What kind of exercises are done in CrossFit?

CrossFit incorporates a wide variety of exercises that span different fitness domains, including cardiovascular endurance, strength, power, flexibility, agility, and more. Workouts are often designed to be constantly varied, keeping participants engaged and challenging their bodies in different ways. If we had to sum it up in a short sentence, everything in CrossFit comes from the leg drive and hip extension. If you can use the power from your posterior chain, there is no limit to what you can achieve. It all starts with a violent hip thrust. But more broadly, the most common elements of CrossFit are: Weightlifting: Olympic Weightlifting such as snatches and clean and jerks are frequently included. Powerlifting: squats, deadlifts, and presses are staples in CrossFit. Cardiovascular Exercises: running, rowing, biking, and jump roping. Gymnastics Movements: bodyweight exercises like pull-ups, push-ups, dips, handstands, and muscle-ups enhance strength, flexibility, and coordination. High-Intensity Interval Training (HIIT): participants perform short bursts of intense exercise followed by periods of rest or lower-intensity activity. This approach can boost both cardiovascular fitness and metabolic rate. Functional Movements: CrossFit focuses on functional movements that mimic real-life activities. (Squats, wall balls, kettlebell swings, farmer's carries,…) Plyometrics: jumping exercises, such as box jumps and burpees, are incorporated to enhance power and explosive strength. Agility and Coordination Drills to improve agility, balance, and coordination. Core Work: planks, sit-ups, and toes-to-bar are commonly integrated to target the abdominal muscles. Mobility and Flexibility Exercises: drills and stretching to improve flexibility and prevent injuries. Skill-Based Movements: double-unders (jump rope), handstand walks, and pistol squats. These movements challenge coordination and skill development. It's important to note that CrossFit workouts are scalable, meaning they can be modified to suit individuals of different fitness levels and abilities. Coaches in CrossFit classes provide guidance on proper form, technique, and scaling options to ensure participants can safely and effectively perform the exercises.

At what age can you do CrossFit?

CrossFit is for everyone. Regardless of age, fitness level, or previous experience, CrossFit can be adapted to suit individual needs. Coaches work closely with participants to ensure proper form and scaling, making it inclusive and effective for a diverse range of individuals.

Is CrossFit good for women?

Yes, CrossFit is a highly inclusive and effective fitness program for women. In fact, CrossFit has gained popularity among women for its emphasis on functional movements, high-intensity workouts, and the sense of community it fosters.
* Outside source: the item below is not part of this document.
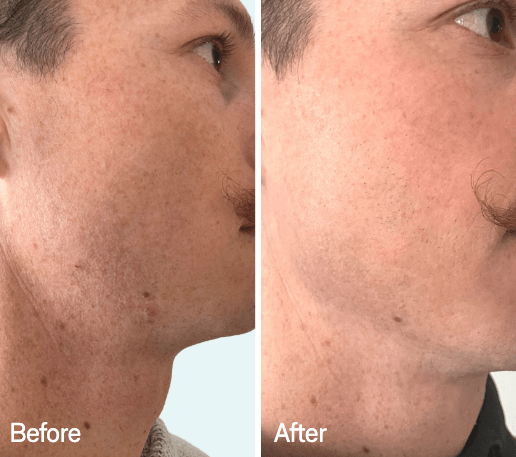 Omnilux Omnilux Men LED Light Therapy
Half of the worldwide community at least (and certainly in our box) are women. Women can benefit from CrossFit through the variety of movements and engaging workouts preventing boredom. Strength training is crucial for overall health to build muscle, increase metabolism and improve bone density while enhancing fitness for daily activities. In addition to the well-being contribution, the skill development can also be empowering and rewarding. On top of being entirely scalable (adaptable) CrossFit is ultimately a celebration of strength and feminine beauty in performance achievements, helping to shift cultural perspectives on women’s fitness and strength focusing on what the body can do rather than conforming to traditional beauty standards… Although the “esthetic” physical boost that comes with it is quite a nice add-on. Don’t take our word for it ask our members, both male and female 😉

Is CrossFit good for beginners?

Yes, CrossFit is scalable and can be adapted to any fitness level. CrossFit coaches are trained to modify workouts to suit individual abilities, making it accessible for beginners. Proper technique, range of motion and quality of movement is emphasized, and participants gradually increase intensity as they gain experience and strength.
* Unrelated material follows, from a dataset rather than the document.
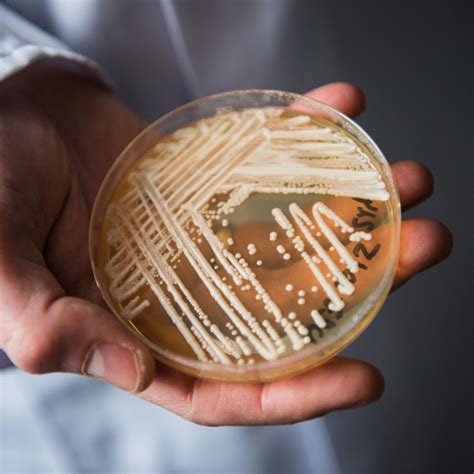 Cdc Warns About The Spread Of The Deadly Fungal Infection At An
Does CrossFit work for weight loss?

Most definitely. CrossFit workouts are designed to be high-intensity and incorporate a combination of cardiovascular exercises, strength training, and functional movements. The benefits are indisputable: significant caloric burn, increased metabolic rate boosting calorie expenditure, muscle building and more muscle mass means the body burns more calories at rest, avoiding plateaus and routine by continually varying and challenging progress, post-exercise oxygen consumption (EPOC) or afterburn effect can make you burn calories after the intense workout, the methodology as a whole and the constant improvement, and even the community support can provide motivation and help in staying consistent… all these things leading ultimately to weight loss. Of course, weight loss can and will be influenced by factors beyond exercise, dietary habits, sleep, stress management and overall lifestyle. There is a genetic component and individual component, we are all unique and different but if there is one element we can control and agree on, it is how we approach our fitness and both mental and physical health and try to do our best. That’s all anyone can wish for.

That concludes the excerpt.